The figures showed mortgage cancellations increased 6.1% year on year to 35,144 cases between January and March, despite mortgage approvals declining 2.7% over the same comparative period
The value of mortgages cancelled by home buyers hit a record £8.7 billion during the first quarter of 2026, according to analysis of Bank of England data by transformation consultancy Novus Strategy.
The figures showed mortgage cancellations increased 6.1% year on year to 35,144 cases between January and March, despite mortgage approvals declining 2.7% over the same comparative period. The total value of cancelled mortgages rose 12.3% from £7.7 billion in Q1 2025.
Novus Strategy said the figures highlighted the growing operational and financial pressures facing lenders, with every cancelled mortgage representing sunk underwriting, valuation and processing costs that cannot be recovered.

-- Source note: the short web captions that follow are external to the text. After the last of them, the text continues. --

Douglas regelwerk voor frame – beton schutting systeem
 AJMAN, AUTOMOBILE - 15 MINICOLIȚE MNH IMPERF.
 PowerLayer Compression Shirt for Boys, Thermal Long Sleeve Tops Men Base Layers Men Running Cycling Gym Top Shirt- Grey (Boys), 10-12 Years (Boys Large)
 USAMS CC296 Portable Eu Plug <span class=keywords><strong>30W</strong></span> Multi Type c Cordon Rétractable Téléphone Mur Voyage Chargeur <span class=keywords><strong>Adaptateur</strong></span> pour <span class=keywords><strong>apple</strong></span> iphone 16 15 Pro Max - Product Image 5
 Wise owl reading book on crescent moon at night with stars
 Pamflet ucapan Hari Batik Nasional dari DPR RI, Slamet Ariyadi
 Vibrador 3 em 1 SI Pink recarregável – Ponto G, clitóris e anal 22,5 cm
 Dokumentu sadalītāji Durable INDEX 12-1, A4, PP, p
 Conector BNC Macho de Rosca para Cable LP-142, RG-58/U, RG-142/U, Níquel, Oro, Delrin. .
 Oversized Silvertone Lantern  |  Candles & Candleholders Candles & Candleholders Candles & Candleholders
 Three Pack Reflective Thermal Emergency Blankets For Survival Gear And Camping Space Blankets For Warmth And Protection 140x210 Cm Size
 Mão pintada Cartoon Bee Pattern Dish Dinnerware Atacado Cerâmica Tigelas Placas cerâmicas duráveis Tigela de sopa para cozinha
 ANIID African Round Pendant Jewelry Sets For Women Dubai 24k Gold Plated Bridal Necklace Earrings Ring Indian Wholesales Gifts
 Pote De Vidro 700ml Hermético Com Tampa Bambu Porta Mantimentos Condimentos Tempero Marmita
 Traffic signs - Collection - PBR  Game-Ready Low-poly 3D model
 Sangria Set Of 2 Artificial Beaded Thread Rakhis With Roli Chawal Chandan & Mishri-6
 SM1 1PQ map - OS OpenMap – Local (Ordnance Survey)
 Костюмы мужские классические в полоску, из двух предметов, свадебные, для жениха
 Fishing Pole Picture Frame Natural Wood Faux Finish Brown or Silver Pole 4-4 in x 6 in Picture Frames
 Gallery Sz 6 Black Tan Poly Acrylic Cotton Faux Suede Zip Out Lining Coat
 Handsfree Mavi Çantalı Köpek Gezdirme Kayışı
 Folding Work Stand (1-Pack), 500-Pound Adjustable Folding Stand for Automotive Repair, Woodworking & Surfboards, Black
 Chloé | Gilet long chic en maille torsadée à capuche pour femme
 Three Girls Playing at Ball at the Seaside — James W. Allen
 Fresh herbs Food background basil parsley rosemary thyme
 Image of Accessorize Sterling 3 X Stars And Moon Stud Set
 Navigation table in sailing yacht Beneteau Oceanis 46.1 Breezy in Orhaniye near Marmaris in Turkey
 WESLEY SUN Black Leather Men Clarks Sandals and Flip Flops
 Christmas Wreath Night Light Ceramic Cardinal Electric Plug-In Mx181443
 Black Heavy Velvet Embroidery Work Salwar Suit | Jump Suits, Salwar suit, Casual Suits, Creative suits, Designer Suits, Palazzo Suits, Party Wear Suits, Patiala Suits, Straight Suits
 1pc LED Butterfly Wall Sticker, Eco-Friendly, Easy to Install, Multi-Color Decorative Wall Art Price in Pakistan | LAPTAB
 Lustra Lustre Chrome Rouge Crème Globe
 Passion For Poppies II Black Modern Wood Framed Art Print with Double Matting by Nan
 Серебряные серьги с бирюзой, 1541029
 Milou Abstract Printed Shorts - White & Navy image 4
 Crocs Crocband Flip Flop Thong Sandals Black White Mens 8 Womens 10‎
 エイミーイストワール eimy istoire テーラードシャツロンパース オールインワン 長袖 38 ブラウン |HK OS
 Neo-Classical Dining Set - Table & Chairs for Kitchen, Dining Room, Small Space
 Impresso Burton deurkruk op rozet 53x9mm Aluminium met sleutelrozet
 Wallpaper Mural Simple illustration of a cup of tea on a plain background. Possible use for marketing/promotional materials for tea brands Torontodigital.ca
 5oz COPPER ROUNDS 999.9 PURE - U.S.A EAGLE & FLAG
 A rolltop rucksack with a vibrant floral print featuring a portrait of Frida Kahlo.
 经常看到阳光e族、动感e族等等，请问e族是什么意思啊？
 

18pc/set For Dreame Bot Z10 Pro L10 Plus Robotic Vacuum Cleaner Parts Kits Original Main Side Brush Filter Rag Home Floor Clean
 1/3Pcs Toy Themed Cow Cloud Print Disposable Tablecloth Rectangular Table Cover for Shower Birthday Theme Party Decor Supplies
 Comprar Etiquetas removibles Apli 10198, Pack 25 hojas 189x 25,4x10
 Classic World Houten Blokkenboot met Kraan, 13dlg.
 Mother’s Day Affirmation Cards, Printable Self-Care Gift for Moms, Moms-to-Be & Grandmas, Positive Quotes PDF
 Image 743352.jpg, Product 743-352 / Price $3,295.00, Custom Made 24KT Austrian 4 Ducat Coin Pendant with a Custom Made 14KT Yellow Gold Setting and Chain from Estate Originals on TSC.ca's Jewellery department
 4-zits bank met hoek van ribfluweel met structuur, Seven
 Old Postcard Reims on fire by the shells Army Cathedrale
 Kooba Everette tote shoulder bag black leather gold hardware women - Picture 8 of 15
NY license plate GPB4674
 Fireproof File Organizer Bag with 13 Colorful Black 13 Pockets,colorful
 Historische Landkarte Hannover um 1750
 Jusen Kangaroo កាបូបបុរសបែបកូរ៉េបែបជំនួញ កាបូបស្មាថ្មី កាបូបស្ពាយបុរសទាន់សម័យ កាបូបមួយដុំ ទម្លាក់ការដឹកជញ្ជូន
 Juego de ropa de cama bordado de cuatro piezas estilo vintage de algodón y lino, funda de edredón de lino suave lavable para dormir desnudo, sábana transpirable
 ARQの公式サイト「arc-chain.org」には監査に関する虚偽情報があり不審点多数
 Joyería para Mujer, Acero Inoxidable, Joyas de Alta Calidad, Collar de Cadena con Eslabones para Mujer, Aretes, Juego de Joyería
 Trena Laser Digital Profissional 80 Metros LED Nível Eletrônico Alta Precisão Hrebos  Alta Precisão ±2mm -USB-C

The consultancy also warned that lenders were forced to continue holding capital and liquidity against mortgage offers until completion or cancellation, meaning billions of pounds remained tied up in loans that would never complete.
Long transaction timelines were identified as a major contributing factor behind rising cancellations. According to TwentyCi data referenced in the report, the average time between sale agreed and exchange reached 134 days during Q1, while 67,489 transactions dropped through after mortgage offer stage, although this represented a 12.1% annual decline.
Novus Strategy said prolonged completion periods increased exposure to changing borrower circumstances, interest rate volatility and chain collapses, all of which could ultimately lead to cancellations.
The report also pointed to recent mortgage pricing volatility linked to the Iran crisis as another factor contributing to borrowers switching products, withdrawing from purchases or allowing offers to expire.
Claire Van der Zant, chief executive at Novus Strategy, said: The sheer weight of cancellations continues to inflict a lot of pain on lenders.
Van der Zant added: This is one of the most-watched metrics inside banks and building societies, and these industry-wide figures illustrate the scale of the problem but also the opportunity.